Issa is a devout Muslim. (The prayer scenes are telling). He is not after his inheritance money for himself: He only wants to distribute it to legitimate charities to bring a modicum of happiness to oppressed, hapless Muslims.

Bachmann and his team want Issa to get his money, convinced that it will eventually lead them to the terror-leaders and arms-dealing groups operating in Hamburg. But Martha Sullivan, the CIA chief stationed in Germany (Robin Wright), and Bachmann’s heartless, Manichaean superiors in Germany’s intelligence service and the interior ministry have different ideas. They pretend to let Bachmann have his way, knowing that, in the end, they will be the ones calling the shots.
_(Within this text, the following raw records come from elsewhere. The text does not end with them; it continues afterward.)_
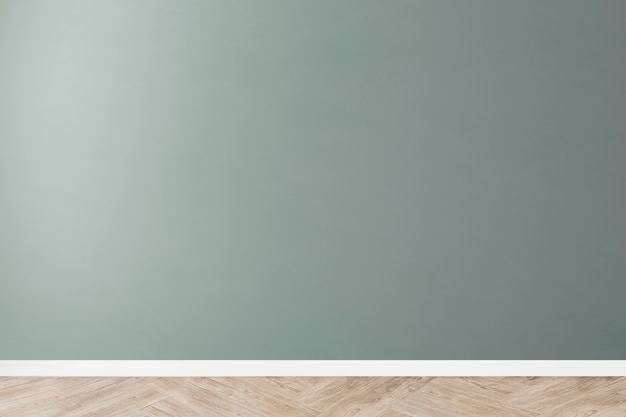 Green blank concrete wall mockup with a wooden floor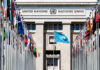 UN Power Play: Iran Boxes In Washington United Nations building with multiple international flags in front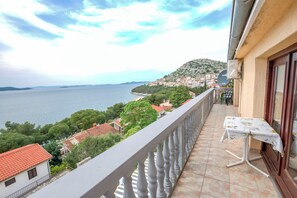 Un balcone con tavolo e sedie, vista su una cittadina costiera e il mare.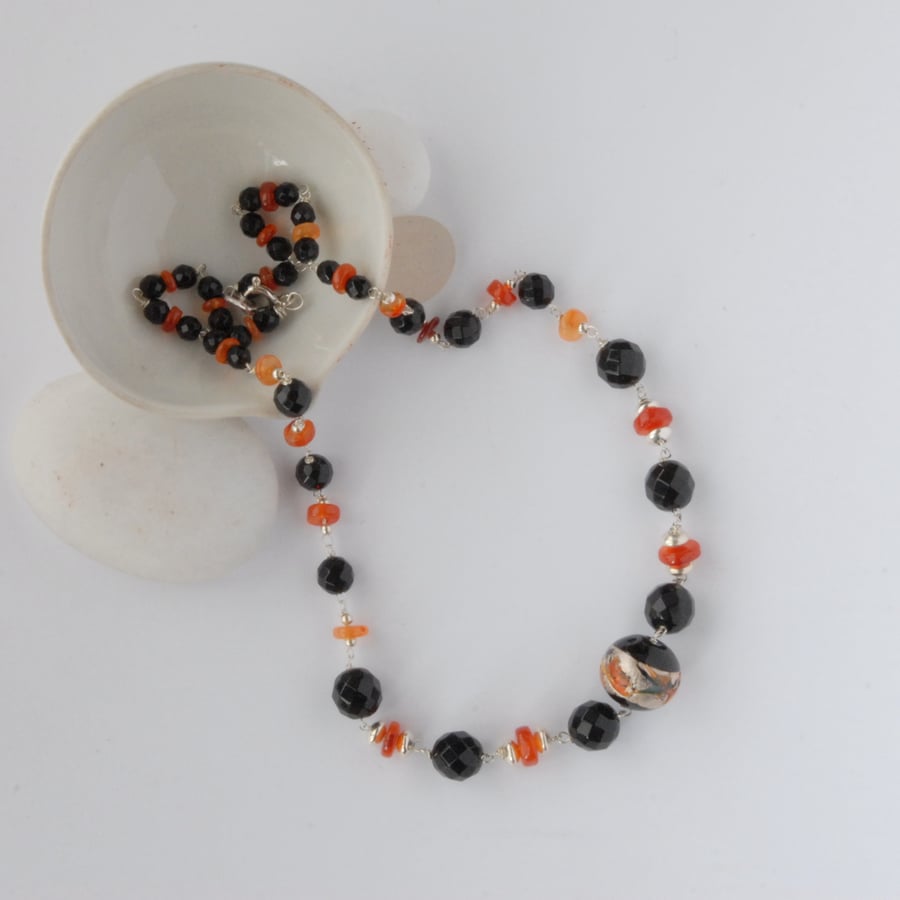 Black and orange murano glass and sterling silver necklace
Bachmann entices the leader of Hamburg’s Muslim community, Dr. Faisal Abdullah (Iranian actor Homayoun Ershadi) and a fundraiser for moderate Islam, into making a terrible mistake in the distribution of Issa’s inheritance money to Muslim charities. At the last minute, however, Bachmann’s superiors move in and derail his meticulously-planned course of action. You can feel the heat of le Carre’s moral anger emanating from the screen at the deception and treachery of those responsible for upholding the rule of law.

The movie is particularly poignant in that it was Philip Seymour Hoffman’s last full-length work: The gifted actor took his own life after succumbing to his inner demons a few months after the movie was completed. “There is something about that story that spoke to me about where I am now in my life, though it’s not something I could really put into words,” Hoffman said about le Carre’s novel. “I read it and saw myself in it somehow. It’s about being in the middle of your life. It’s as much a story about that, than all of the other things. It’s about a man really confronted with what he’s passionate about pursuing and what that’s done to him.”

We live in dangerous and uncertain times. ‘A Most Wanted Man’ captures the zeitgeist as only a master storyteller like John le Carre can. This taut thriller is a movie to see and to reflect on, and to realize that for people at the top, ideas of right and wrong are malleable and will always remain elusive.